Akash Kumar Gautam

Also published as: Akash Gautam


Leveraging Sub Label Dependencies in Code Mixed Indian Languages for Part-Of-Speech Tagging using Conditional Random Fields.
Akash Kumar Gautam
Proceedings of the WILDRE-6 Workshop within the 13th Language Resources and Evaluation Conference

Code-mixed text sequences often lead to challenges in the task of correct identification of Part-Of-Speech tags. However, lexical dependencies created while alternating between multiple languages can be leveraged to improve the performance of such tasks. Indian languages with rich morphological structure and highly inflected nature provide such an opportunity. In this work, we exploit these sub-label dependencies using conditional random fields (CRFs) by defining feature extraction functions on three distinct language pairs (Hindi-English, Bengali-English, and Telugu-English). Our results demonstrate a significant increase in the tagging performance if the feature extraction functions employ the rich inner structure of such languages.


Multitask Learning for Emotionally Analyzing Sexual Abuse Disclosures
Ramit Sawhney | Puneet Mathur | Taru Jain | Akash Kumar Gautam | Rajiv Ratn Shah
Proceedings of the 2021 Conference of the North American Chapter of the Association for Computational Linguistics: Human Language Technologies

The #MeToo movement on social media platforms initiated discussions over several facets of sexual harassment in our society. Prior work by the NLP community for automated identification of the narratives related to sexual abuse disclosures barely explored this social phenomenon as an independent task. However, emotional attributes associated with textual conversations related to the #MeToo social movement are complexly intertwined with such narratives.

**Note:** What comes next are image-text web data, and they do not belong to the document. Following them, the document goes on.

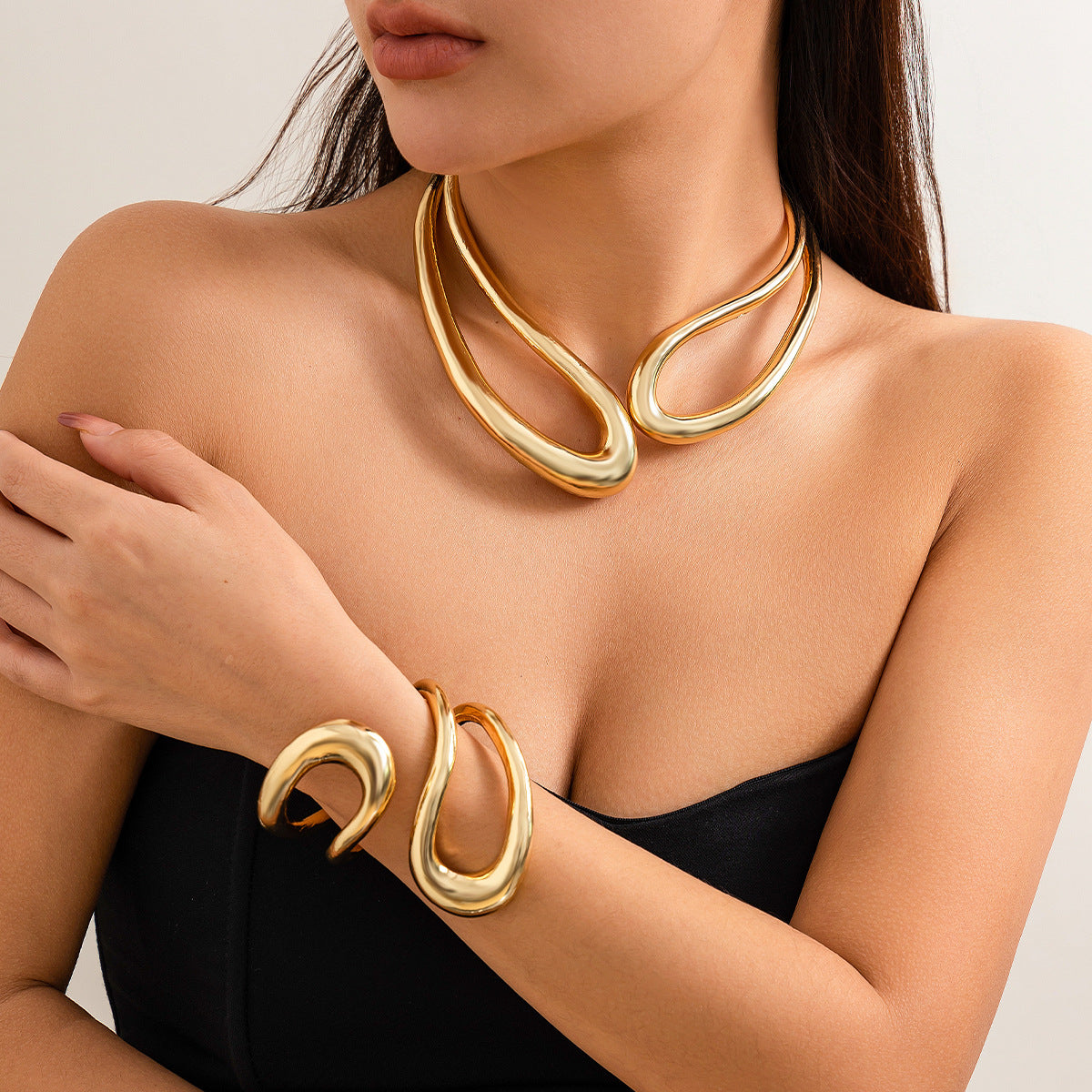 Exaggerated alloy twisted double-layer collar, sweet and cool style, minimalist choker bracelet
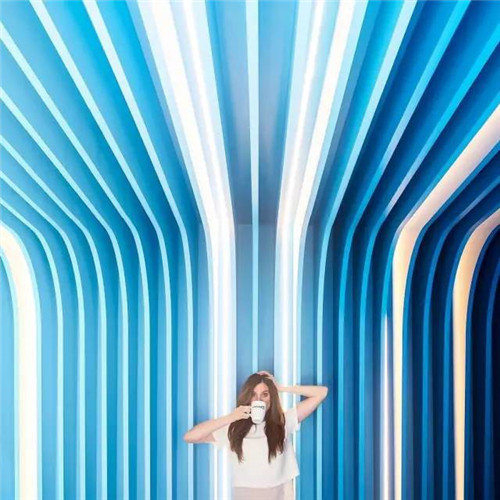 西班牙小情侶把全球景點玩出小情調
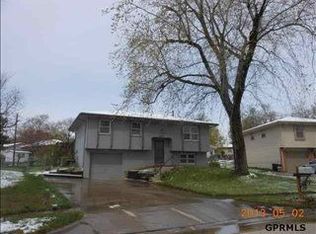 6610 S 81st St, Ralston, NE 68127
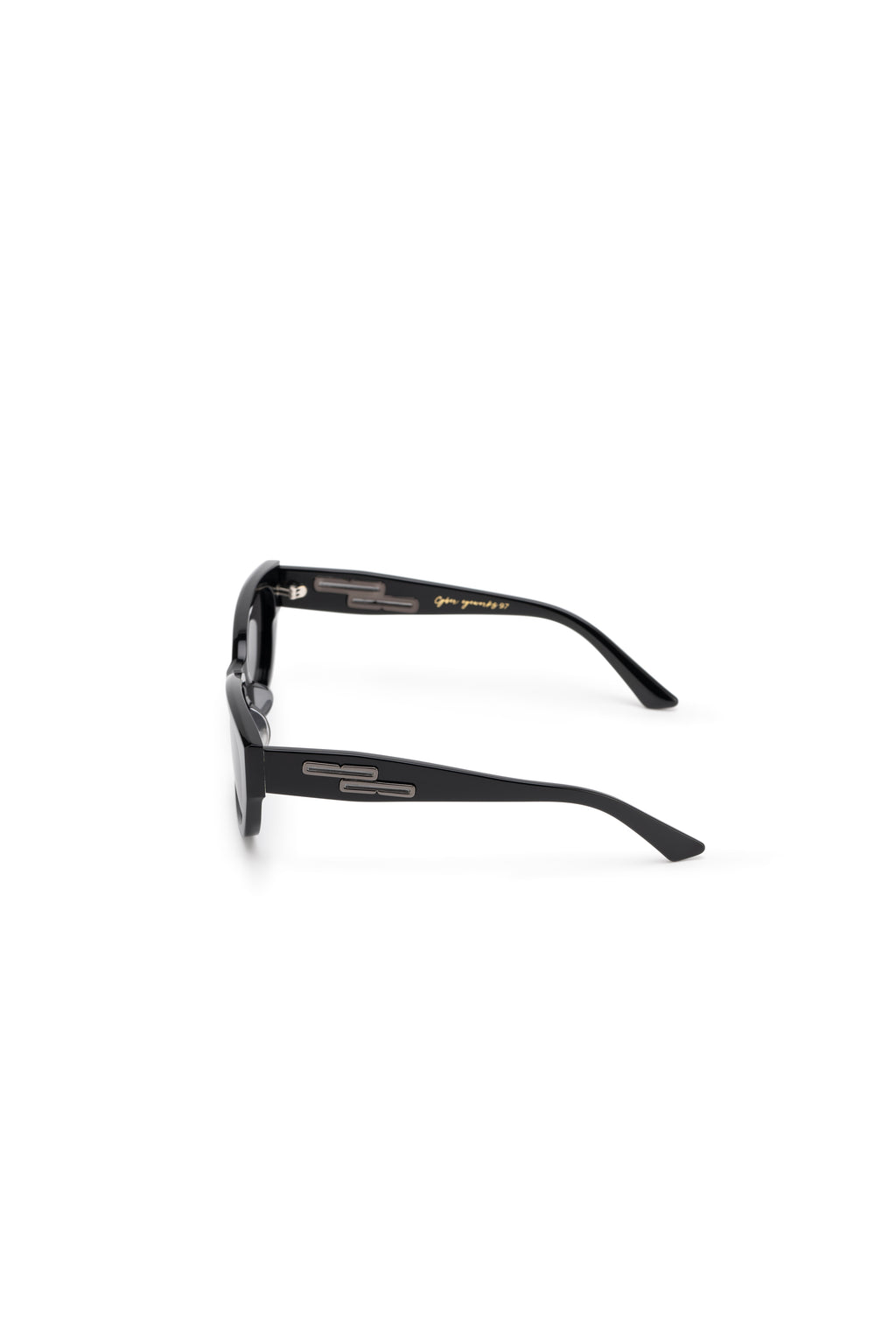 Women with hijab in stylish asian fitting sunglasses. A pair of square-shaped, green-tinted sunglasses with a full plastic frame.Womens Asian fitting Sunglasses. Ruby in Black - Black Lens 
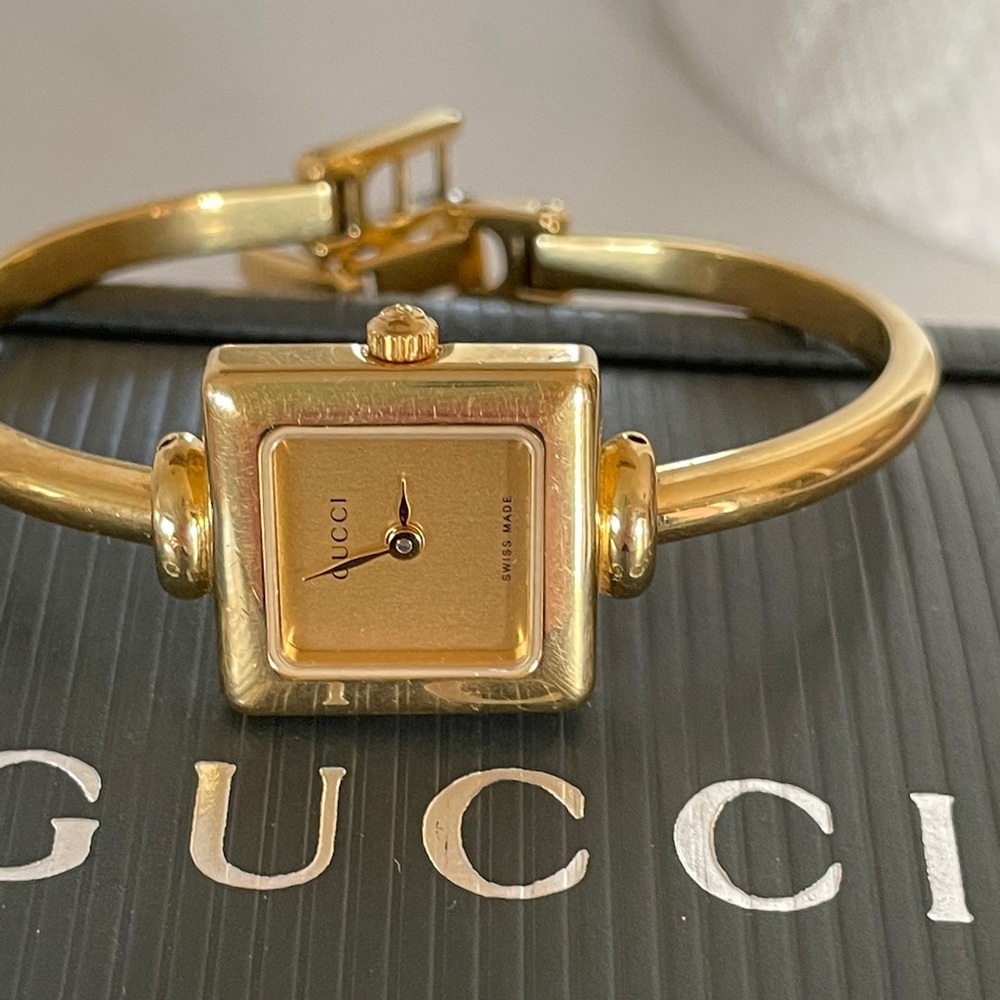 Gucci 1900L Gold Bangle Watch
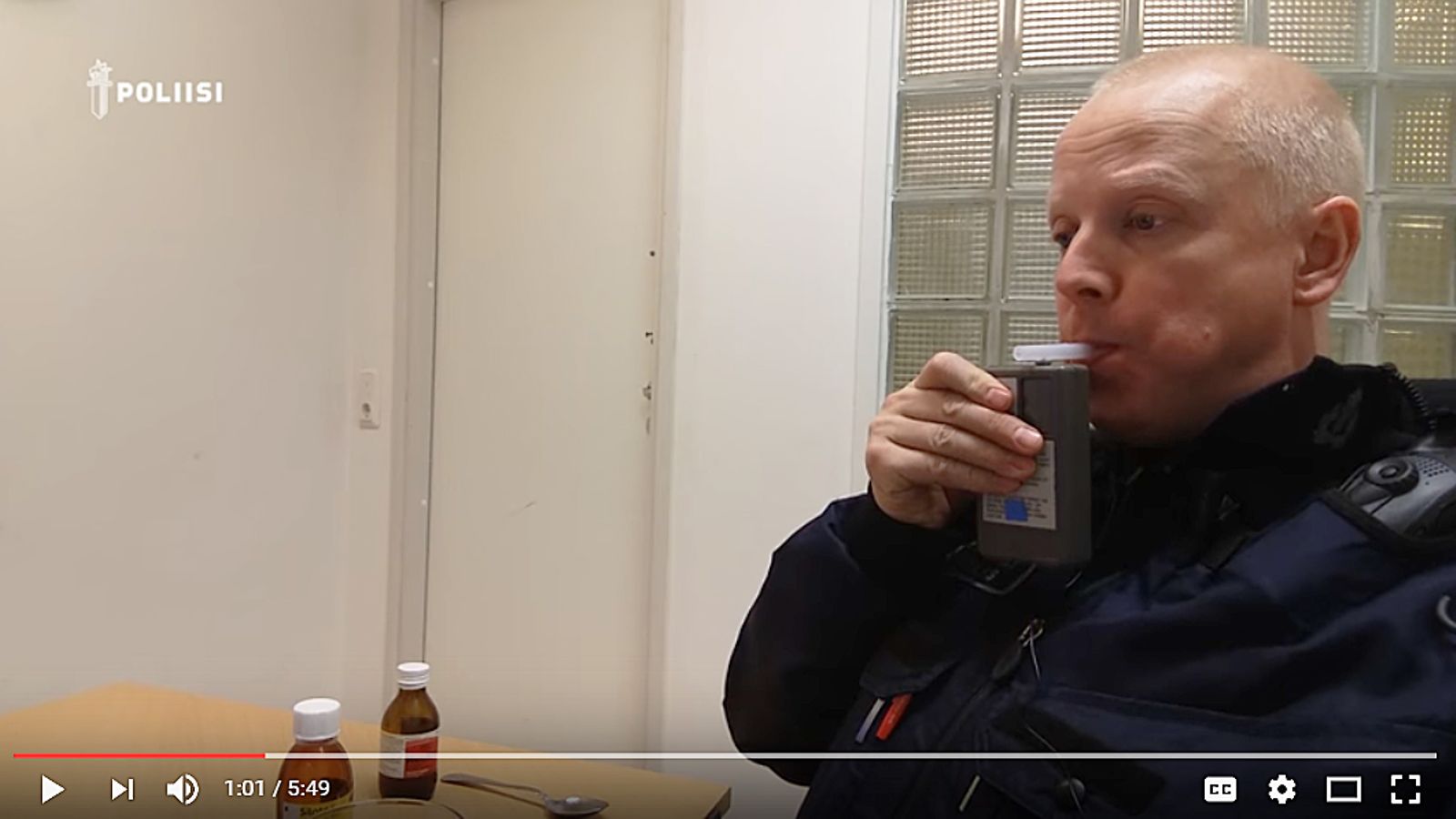 YouTube poliisi myytinmurtaja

We formulate the task of identifying narratives related to the sexual abuse disclosures in online posts as a joint modeling task that leverages their emotional attributes through multitask learning. Our results demonstrate that positive knowledge transfer via context-specific shared representations of a flexible cross-stitched parameter sharing model helps establish the inherent benefit of jointly modeling tasks related to sexual abuse disclosures with emotion classification from the text in homogeneous and heterogeneous settings. We show how for more domain-specific tasks related to sexual abuse disclosures such as sarcasm identification and dialogue act (refutation, justification, allegation) classification, homogeneous multitask learning is helpful, whereas for more general tasks such as stance and hate speech detection, heterogeneous multitask learning with emotion classification works better.


Semi-Supervised Iterative Approach for Domain-Specific Complaint Detection in Social Media
Akash Gautam | Debanjan Mahata | Rakesh Gosangi | Rajiv Ratn Shah
Proceedings of the 3rd Workshop on e-Commerce and NLP

In this paper, we present a semi-supervised bootstrapping approach to detect product or service related complaints in social media. Our approach begins with a small collection of annotated samples which are used to identify a preliminary set of linguistic indicators pertinent to complaints. These indicators are then used to expand the dataset. The expanded dataset is again used to extract more indicators. This process is applied for several iterations until we can no longer find any new indicators. We evaluated this approach on a Twitter corpus specifically to detect complaints about transportation services. We started with an annotated set of 326 samples of transportation complaints, and after four iterations of the approach, we collected 2,840 indicators and over 3,700 tweets. We annotated a random sample of 700 tweets from the final dataset and observed that nearly half the samples were actual transportation complaints. Lastly, we also studied how different features based on semantics, orthographic properties, and sentiment contribute towards the prediction of complaints.